If you can start from fresh by stripping or a new slab, this is what I would recommend.

EmTech 9300 Polycarbonate Urethane Top Coat

http://www.targetcoatings.com/emtech-9300.html

It is a waterbased formula that can be applied by brush or spray. Best is by spray for the original coats and the maintenance coats by brush every 2-4 years. You are not going to get 8-10 years out of a coat by something that is normal. A 2K polyurethane will be a tough coating and you can spray it under controlled conditions. A pure acrylic coating that is UV cured will make the 8-10 year mark, but you can't do it on site, it takes professional equipment and space to do it properly.


----------



## DeanV (Feb 20, 2006)

I have seen spar varnish, 2 component marine epoxies, urethanes, etc. all fail in a few year.
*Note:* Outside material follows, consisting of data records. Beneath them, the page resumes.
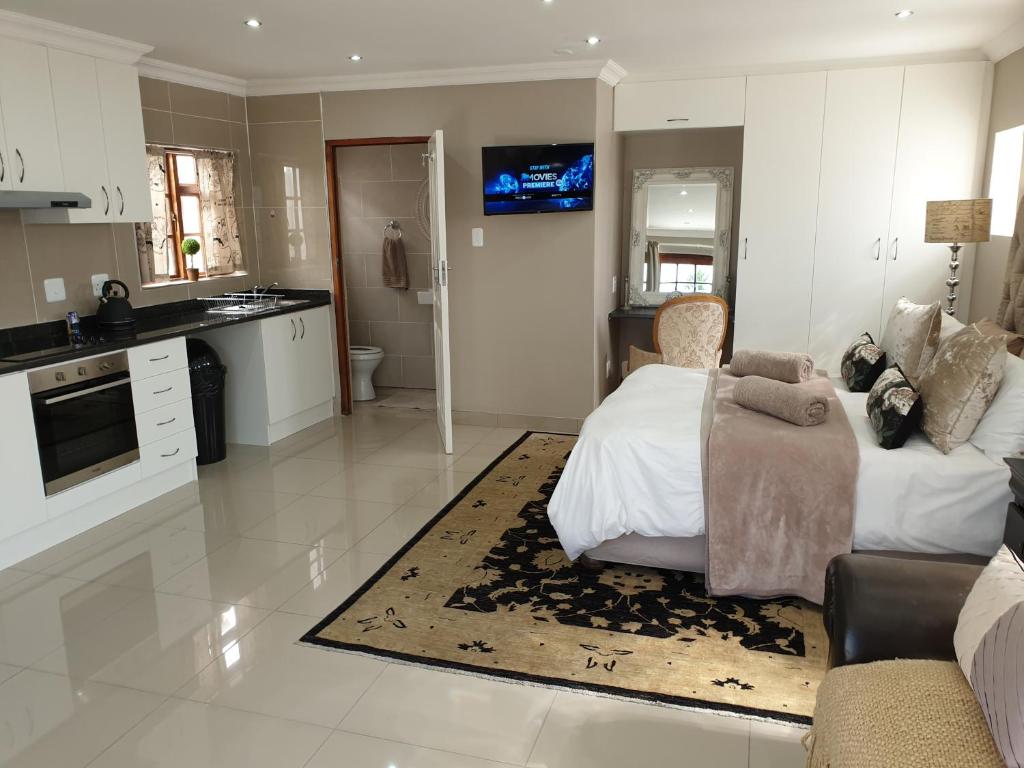 Pongola Road Self Catering Accommodation في Uitenhage: غرفة معيشة كبيرة مع أريكة ومطبخ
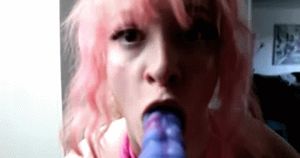 Slut fucks and sucks Bad Dragon Dildos at same times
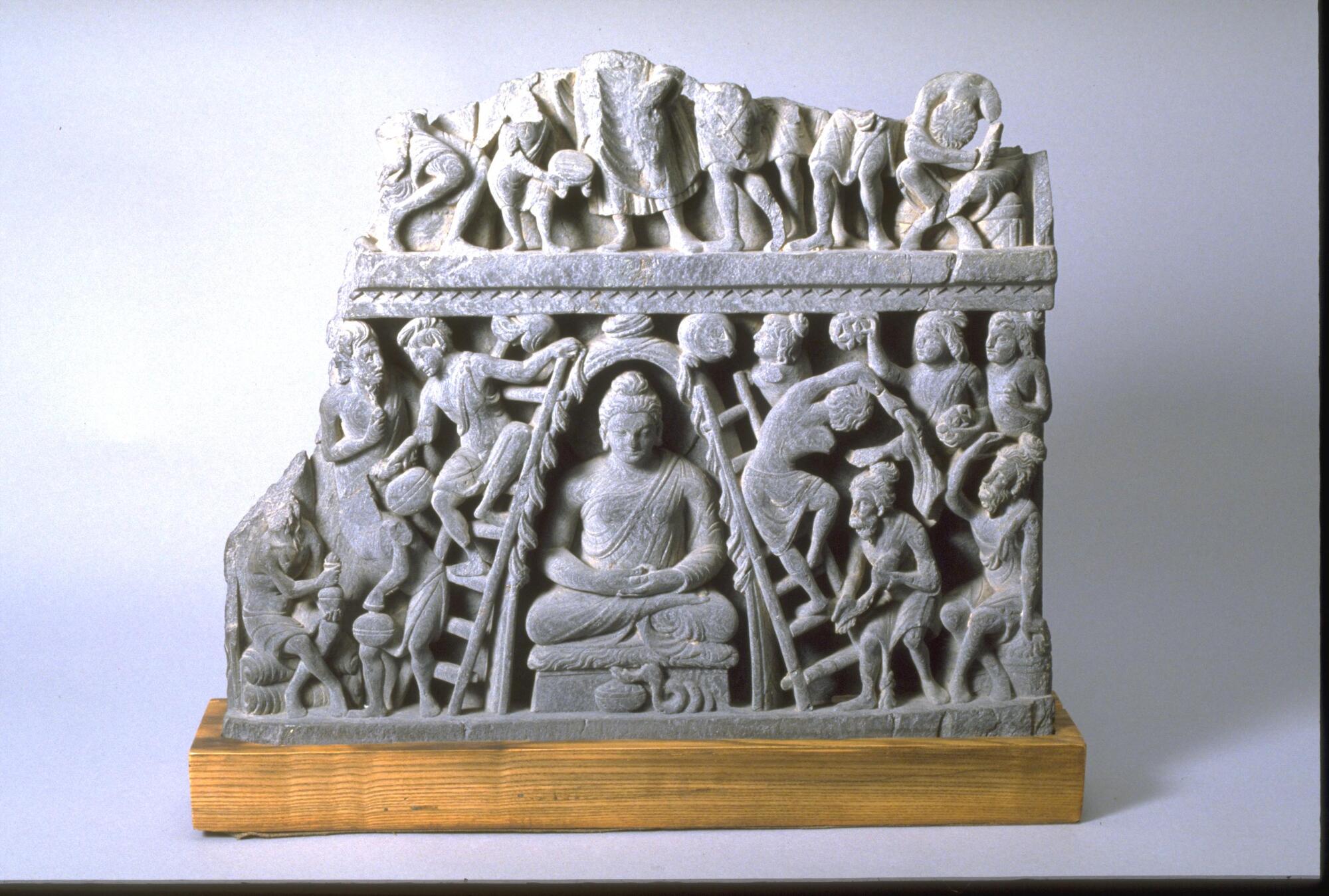 A fragment of a stone slab, originally a facing on the drum of a small stupa, carved with a narrative scene.  In this relief, he is converting devotees of the fire god Agni, the three ascetic Kasyapa brothers and their disciples. In this narrative, the Buddha asked to spend the night in the fire temple of Uruvilva Kasyapa. The temple’s fire god worshipers thought the fearsome fire serpent that dwelled within the temple would vanquish the Buddha.  Instead, the fiery radiance of the meditating Buddha overwhelmed the serpent, who crawled into the Buddha’s alms bowl; the defeated snake appears in this sculpture below the Buddha. Meanwhile, the dazzling radiance the Buddha emits has been mistaken for flames and a fire brigade using ladders and pots of water has been formed to put out the fire, as can be seen here. Seated in the posture and gesture of meditation, the Buddha’s calm presence is in contrast to the action unfolding around him. The three Kasyapa brothers, with their beards and matted hair, are at the bo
Some have faired better, but up North, a maintenance coat every 2 years is the minimum. Eventually, the only option is replacement or put up with the touch-up and another coat of finish, which only works so-so. I have yet to have someone apply the necessary maintenance coats to prevent problems.


----------



## slickshift (Jun 14, 2005)

Sikkens Door & Window

It's a 3 coat system
Full sun you go with 3 coats color
(as opposed to 2-color/1-clear or 1-color/2-clear for less sunny spots)

8-10 w/o maint. is unrealistic


----------



## Damon T (Oct 13, 2008)

Ditto on the Sikkens door and window product, great stuff. double ditto on maintenance coatings, 8-10 ain't gonna happen, unless, maybe, with a paint.


----------



## hoya (Dec 16, 2008)

Zar makes a UV poly that works great.. 
Stain door + full sun = maintenance.


----------



## eastend (Jan 24, 2006)

best to use a pigment stain - not dye stain- especially red is very light sensitive. try japan colors like burnt sienna, or venetian red, and burnt umber and black.

I've used a two-part acrylic urethane with very good success. check out www. Bristolfinish.com for info.


----------



## DVWayne (Jan 3, 2009)

Sikkens is the best thing you could use. Doors and window is flexible and will wear great but recoat every 3 to be safe. No door will last 8-10 on a refinish.

Zar is a great product too if you don't go with Sikkens. Their exterior poly is easy to apply and leaves a nice finish. Everyone needs to stop using Helmsman. I had 2 garage door refinishes this year that were only a year old because of that junk.


----------



## Cheesy3 (Jan 8, 2009)

Thank you for the information. I learn a lot from this thread.


----------